Setiap konflik dibalut dengan komedi quirky, membuatnya terasa ringan. Tapi dengan pengemasan dalam bentuk sketsa dan komedi kental tidak membuat film ini hanya menjadi sebuah sit-com. Ada drama yang hangat tentang keluarga serta berbagai sendi kehidupan sehari-hari. Bahkan meski begitu ringan, My Neighbors the Yamadas tidak jarang terasa filosofis dengan rangkaian kalimat puitis dan terkadang menggelitik setiap satu tema sketsa berakhir. Keseimbangan antara drama keluarga dan komedi adalah kunci keberhasilan film ini meski terkadang komedi terlalu menutupi sentuhan dramanya. Lelucon yang hadir tidak dipaksakan karena berupa momen menggelitik yang biasa hadir diantara keseharian kita, tentunya dikemas dengan hiperbolis demi menambah kelucuan. Sederhana dan begitu dekat dengan kehidupan penonton membuat komedinya bekerja dengan baik.

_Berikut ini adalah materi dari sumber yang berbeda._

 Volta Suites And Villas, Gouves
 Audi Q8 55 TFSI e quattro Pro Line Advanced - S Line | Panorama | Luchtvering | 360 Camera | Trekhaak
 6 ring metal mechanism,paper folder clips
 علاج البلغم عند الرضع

Jangan heran jika anda menemukan beberapa kejadian dalam film ini pernah anda alami sendiri.
Karakterisasi unik dan interaksi diantara mereka menjadi daya tarik yang selalu terasa segar. Takashi yang berusaha keras menjadi ayah terbaik, Matsuko yang selalu malas, Shige yang bermulut pedas sekaligus yang paling "kuat", Noboru dengan konflik usia remaja, sampai Nonoko yang termuda tapi di beberapa kesempatan justru tampak sebagai yang paling "normal" semuanya berjalan selaras, sebagaimana sebuah keluarga yang terdiri dari individu berbeda-beda tapi harus saling melengkapi. Mereka saling bertengkar, berbeda pendapat, tapi dibalik semua itu kita tahu bahwa mereka saling menyayangi. Perasaan itulah yang memberikan hati, menciptakan kehangatan bagi film ini. Isao Takahata sukses mengembalikan memori indah tentang betapa bahagianya suatu keluarga yang berkumpul bersama. Kebahagiaan sederhana yang bisa didapat meski hanya lewat tertawa bersama, makan bersama, atau bahkan saling berdebat. 

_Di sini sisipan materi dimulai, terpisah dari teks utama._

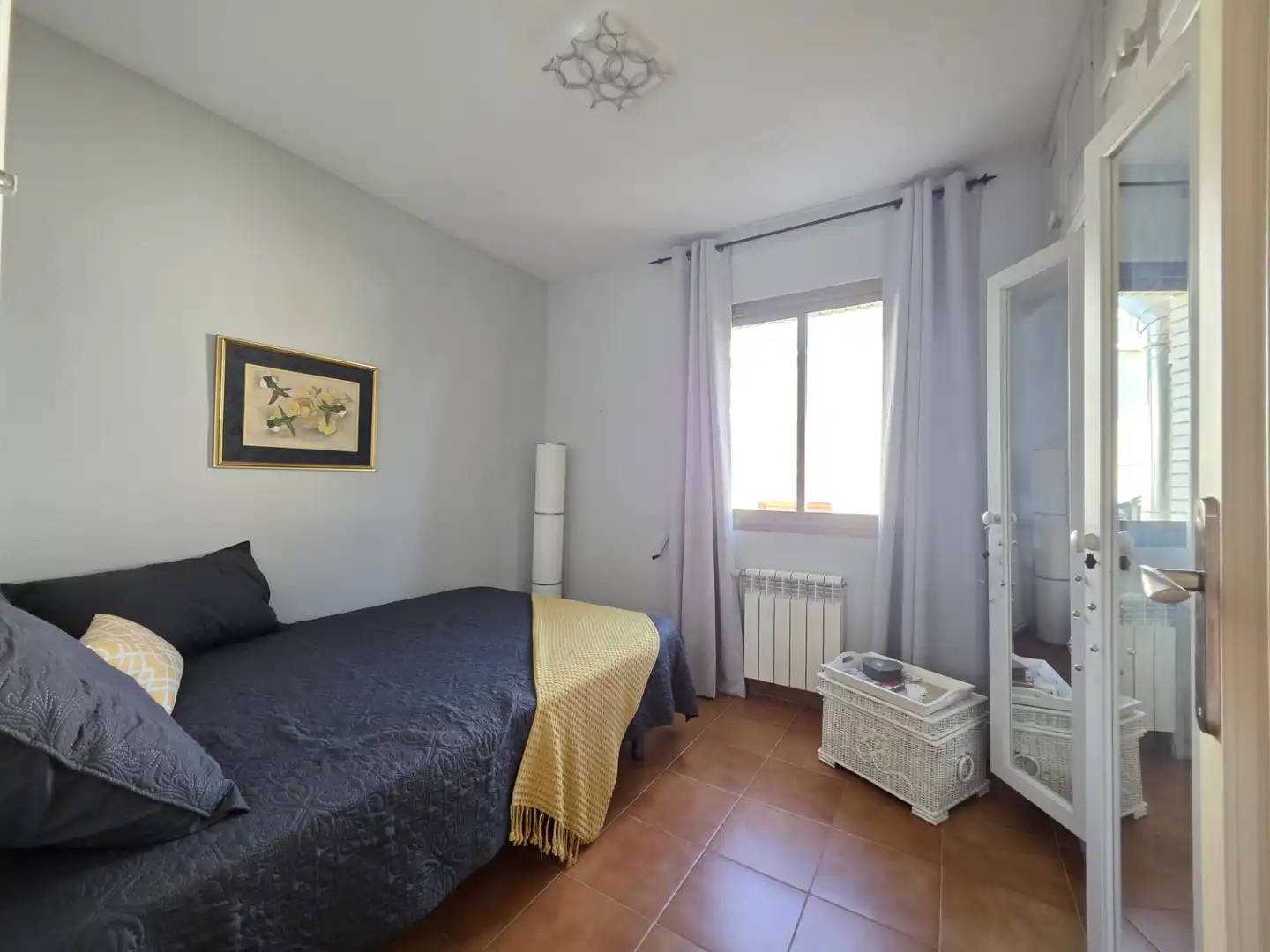 Bedroom of Houses for sale in Alcanar  with Air Conditioner, Heating and Private garden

Simpel tapi imajinatif. Hal itu terpampang jelas dari bagaimana Isao Takahata mengemas cerita dan aspek visualnya. Bagi saya, keberhasilan mengemas cerita dengan konsep sederhana yang justru sering terlewatkan oleh observasi banyak orang sama imajinatifnya dengan sajian high concept. Visualnya sendiri terkesan begitu sederhana dengan pewarnaan ala cat air penuh warna lembut yang tidak penuh mengisi layar. Tapi di beberapa bagian, Isao Takahata juga menyempatkan diri untuk menampilkan kemeriahan seperti yang terlihat pada pembuka sekaligus penutup film ini. Meriah dan lagi-lagi imajinatif saat keindahan fantasi melebur dengan realisme kuat, menciptakan keindahan sureal penuh filosofi puitis. 

My Neighbors the Yamada bukannya tanpa kelemahan. Sketsa demi sketsanya memang menyenangkan diikuti, tapi bagi saya film ini tetap lebih cocok sebagai seria animasi dengan durasi 20-30 menit daripada film panjang 100 menit. Memang terasa hangat, tapi tidak ada kedalaman lebih yang bisa membuat saya tersentuh dengan drama keluarganya. Itulah kenapa film ini tidak bisa disejajarkan dengan sajian terbaik Ghibli, bahkan bagi Isao Takahata sendiri ini bukanlah yang terbaik. Tapi biarpun seperti itu, My Neighbors the Yamadas adalah tipikal film menyenangkan yang akan membuat tiap penontonnya dengan senang hati mengunjungi kembali keluarga Yamada dengan segala keunikan mereka dikala waktu senggang.